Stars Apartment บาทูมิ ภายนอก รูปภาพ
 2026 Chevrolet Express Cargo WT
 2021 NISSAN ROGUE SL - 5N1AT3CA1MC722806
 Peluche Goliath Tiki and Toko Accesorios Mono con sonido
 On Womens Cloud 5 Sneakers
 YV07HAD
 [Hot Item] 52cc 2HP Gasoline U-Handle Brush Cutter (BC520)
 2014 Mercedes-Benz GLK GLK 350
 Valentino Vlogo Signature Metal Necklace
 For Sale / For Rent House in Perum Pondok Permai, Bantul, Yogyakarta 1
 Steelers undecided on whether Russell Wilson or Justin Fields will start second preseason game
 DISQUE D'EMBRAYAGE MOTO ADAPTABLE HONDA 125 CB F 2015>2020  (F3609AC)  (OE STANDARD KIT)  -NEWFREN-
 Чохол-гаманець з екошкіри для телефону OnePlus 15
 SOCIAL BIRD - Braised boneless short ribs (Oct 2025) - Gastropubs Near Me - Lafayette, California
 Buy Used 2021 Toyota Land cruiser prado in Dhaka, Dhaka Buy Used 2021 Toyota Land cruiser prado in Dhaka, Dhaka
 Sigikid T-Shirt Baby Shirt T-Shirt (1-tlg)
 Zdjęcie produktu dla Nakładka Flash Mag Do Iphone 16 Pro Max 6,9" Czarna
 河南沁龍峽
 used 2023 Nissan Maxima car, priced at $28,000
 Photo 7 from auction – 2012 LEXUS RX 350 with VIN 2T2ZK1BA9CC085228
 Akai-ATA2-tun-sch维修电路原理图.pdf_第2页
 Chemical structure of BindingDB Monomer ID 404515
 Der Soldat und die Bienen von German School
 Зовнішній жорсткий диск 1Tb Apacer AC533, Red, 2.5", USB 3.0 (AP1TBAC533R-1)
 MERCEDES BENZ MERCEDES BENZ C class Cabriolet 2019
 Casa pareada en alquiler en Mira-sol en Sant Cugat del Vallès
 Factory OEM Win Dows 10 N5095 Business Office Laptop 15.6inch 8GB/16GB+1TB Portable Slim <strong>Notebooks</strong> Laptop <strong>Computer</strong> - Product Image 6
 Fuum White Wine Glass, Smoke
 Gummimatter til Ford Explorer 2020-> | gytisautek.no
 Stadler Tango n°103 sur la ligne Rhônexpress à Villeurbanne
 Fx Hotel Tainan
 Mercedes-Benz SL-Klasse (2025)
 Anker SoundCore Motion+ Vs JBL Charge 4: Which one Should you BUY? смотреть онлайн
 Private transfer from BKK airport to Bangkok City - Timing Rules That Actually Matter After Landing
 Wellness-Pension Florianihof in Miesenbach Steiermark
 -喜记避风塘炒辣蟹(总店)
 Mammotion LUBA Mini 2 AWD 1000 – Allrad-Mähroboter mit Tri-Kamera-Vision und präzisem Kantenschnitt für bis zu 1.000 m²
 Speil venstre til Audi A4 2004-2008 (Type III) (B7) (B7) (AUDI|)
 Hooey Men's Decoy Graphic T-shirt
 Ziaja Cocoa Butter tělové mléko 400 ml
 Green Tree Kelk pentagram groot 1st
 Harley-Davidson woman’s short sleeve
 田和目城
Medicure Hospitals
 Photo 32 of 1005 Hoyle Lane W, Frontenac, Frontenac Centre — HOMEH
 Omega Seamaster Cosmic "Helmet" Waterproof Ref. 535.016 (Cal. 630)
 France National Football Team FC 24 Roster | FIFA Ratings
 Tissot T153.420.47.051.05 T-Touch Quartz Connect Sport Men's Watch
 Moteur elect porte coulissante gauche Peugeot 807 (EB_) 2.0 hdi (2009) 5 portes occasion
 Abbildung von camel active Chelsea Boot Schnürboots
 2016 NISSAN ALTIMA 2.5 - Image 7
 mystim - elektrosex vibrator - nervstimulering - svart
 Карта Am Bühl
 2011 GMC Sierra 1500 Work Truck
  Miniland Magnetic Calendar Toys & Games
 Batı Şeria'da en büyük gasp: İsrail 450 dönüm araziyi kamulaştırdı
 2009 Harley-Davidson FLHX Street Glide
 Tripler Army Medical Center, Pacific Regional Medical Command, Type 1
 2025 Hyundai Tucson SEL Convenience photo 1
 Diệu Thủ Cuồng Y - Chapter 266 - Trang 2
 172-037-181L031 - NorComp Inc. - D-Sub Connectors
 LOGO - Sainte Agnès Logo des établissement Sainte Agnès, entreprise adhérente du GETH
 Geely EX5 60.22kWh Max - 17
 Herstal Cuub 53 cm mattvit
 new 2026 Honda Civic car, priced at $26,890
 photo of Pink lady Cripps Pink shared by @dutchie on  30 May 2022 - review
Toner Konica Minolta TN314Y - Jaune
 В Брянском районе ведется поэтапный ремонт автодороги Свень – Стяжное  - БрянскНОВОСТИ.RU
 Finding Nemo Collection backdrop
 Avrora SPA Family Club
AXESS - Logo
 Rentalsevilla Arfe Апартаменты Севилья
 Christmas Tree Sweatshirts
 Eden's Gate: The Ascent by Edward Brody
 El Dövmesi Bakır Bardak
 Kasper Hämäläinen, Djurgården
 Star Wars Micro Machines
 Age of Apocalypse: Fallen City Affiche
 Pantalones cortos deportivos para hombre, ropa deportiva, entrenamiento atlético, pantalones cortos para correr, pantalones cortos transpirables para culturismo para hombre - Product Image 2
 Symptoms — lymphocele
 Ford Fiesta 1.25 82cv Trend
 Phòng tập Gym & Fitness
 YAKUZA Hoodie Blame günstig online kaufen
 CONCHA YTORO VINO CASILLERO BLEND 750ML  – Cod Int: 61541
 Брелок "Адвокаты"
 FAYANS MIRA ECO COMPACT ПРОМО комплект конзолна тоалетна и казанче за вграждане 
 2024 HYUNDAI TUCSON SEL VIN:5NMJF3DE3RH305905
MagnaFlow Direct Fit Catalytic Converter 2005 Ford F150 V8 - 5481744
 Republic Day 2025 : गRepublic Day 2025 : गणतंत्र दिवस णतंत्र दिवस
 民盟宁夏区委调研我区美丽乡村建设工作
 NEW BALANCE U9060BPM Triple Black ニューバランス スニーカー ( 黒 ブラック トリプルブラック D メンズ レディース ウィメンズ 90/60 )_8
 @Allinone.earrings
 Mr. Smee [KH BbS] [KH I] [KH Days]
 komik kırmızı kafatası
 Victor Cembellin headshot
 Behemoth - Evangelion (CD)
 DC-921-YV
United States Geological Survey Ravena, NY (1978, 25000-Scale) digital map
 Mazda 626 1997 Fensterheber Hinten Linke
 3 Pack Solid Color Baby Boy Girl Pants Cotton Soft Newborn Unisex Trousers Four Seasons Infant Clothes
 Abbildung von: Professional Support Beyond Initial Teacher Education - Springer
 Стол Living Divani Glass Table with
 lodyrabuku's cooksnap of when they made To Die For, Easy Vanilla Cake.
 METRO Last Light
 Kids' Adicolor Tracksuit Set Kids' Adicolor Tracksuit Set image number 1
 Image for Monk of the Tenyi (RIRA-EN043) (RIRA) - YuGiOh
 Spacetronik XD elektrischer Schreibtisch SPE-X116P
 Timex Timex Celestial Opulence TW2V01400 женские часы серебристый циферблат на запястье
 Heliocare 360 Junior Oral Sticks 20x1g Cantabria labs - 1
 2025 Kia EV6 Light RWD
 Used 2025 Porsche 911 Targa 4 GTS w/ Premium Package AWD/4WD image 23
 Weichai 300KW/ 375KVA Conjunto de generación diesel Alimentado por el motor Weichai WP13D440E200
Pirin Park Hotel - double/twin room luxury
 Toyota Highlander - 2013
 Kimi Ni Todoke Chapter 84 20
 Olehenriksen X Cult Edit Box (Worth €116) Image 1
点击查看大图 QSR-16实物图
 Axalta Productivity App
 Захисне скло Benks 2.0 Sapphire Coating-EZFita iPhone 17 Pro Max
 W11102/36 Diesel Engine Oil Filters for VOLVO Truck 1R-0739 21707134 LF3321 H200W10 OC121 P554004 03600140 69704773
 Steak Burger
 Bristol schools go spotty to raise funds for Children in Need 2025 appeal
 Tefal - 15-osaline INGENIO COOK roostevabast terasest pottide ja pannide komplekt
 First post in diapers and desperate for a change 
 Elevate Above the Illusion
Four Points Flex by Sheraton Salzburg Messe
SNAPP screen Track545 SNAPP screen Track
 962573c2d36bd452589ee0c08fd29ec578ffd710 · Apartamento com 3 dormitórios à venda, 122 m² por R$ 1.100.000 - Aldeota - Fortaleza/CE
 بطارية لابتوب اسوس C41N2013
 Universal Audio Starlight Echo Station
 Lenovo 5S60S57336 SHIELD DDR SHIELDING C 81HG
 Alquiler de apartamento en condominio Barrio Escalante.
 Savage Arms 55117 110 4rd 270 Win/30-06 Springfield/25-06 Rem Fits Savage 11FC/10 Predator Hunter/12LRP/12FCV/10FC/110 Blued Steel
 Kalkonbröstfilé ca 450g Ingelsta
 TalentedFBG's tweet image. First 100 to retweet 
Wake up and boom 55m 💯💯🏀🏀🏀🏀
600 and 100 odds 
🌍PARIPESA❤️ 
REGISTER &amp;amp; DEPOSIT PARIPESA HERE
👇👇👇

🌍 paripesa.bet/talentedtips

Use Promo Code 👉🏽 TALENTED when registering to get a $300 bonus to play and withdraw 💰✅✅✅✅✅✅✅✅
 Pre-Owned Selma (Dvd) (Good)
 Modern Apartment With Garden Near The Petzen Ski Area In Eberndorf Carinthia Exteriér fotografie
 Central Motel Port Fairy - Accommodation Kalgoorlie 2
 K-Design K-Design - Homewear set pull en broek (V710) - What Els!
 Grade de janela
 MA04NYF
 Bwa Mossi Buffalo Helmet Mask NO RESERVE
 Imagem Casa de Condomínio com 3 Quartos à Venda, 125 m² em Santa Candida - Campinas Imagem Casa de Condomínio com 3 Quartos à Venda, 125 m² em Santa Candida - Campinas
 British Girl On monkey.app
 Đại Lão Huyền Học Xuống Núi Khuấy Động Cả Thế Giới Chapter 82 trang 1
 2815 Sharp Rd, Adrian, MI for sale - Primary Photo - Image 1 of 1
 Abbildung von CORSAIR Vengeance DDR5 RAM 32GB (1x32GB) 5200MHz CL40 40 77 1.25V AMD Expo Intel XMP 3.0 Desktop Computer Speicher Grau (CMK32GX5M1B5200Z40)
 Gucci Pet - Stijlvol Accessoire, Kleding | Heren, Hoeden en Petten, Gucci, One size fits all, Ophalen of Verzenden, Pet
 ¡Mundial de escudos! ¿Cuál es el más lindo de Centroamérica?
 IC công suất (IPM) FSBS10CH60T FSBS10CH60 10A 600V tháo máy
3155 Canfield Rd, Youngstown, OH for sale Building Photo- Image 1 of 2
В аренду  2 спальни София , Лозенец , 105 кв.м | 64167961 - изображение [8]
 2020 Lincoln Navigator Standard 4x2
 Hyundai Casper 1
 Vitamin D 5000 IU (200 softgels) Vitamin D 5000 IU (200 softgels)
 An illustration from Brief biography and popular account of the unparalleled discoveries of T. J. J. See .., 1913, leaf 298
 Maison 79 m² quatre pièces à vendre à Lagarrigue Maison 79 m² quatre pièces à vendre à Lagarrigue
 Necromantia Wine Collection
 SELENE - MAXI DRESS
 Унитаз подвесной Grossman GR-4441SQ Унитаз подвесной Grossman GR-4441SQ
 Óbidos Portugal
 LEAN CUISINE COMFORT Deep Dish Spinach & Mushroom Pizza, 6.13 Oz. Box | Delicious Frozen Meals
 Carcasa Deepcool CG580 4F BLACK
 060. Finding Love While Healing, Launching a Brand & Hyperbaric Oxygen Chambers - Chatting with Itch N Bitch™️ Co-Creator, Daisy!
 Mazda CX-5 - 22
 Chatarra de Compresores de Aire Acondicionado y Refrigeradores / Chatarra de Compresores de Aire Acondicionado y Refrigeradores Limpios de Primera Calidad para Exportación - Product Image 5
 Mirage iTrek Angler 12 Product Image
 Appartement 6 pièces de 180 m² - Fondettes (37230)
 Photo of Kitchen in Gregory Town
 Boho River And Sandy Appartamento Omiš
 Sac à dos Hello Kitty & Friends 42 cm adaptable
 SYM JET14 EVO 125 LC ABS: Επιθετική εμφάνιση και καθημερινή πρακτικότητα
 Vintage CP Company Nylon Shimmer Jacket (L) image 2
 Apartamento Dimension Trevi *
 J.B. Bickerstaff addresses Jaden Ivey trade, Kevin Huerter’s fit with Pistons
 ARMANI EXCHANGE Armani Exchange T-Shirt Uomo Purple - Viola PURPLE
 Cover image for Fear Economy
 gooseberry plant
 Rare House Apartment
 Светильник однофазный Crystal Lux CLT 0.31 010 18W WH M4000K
----------------------------------------
Task:
Both end lines included, restate word for word the lines above from the line with "Grade de janela" to the line with "- изображение [8]", and nothing else.

Written answer:
 Grade de janela
 MA04NYF
 Bwa Mossi Buffalo Helmet Mask NO RESERVE
 Imagem Casa de Condomínio com 3 Quartos à Venda, 125 m² em Santa Candida - Campinas Imagem Casa de Condomínio com 3 Quartos à Venda, 125 m² em Santa Candida - Campinas
 British Girl On monkey.app
 Đại Lão Huyền Học Xuống Núi Khuấy Động Cả Thế Giới Chapter 82 trang 1
 2815 Sharp Rd, Adrian, MI for sale - Primary Photo - Image 1 of 1
 Abbildung von CORSAIR Vengeance DDR5 RAM 32GB (1x32GB) 5200MHz CL40 40 77 1.25V AMD Expo Intel XMP 3.0 Desktop Computer Speicher Grau (CMK32GX5M1B5200Z40)
 Gucci Pet - Stijlvol Accessoire, Kleding | Heren, Hoeden en Petten, Gucci, One size fits all, Ophalen of Verzenden, Pet
 ¡Mundial de escudos! ¿Cuál es el más lindo de Centroamérica?
 IC công suất (IPM) FSBS10CH60T FSBS10CH60 10A 600V tháo máy
3155 Canfield Rd, Youngstown, OH for sale Building Photo- Image 1 of 2
В аренду  2 спальни София , Лозенец , 105 кв.м | 64167961 - изображение [8]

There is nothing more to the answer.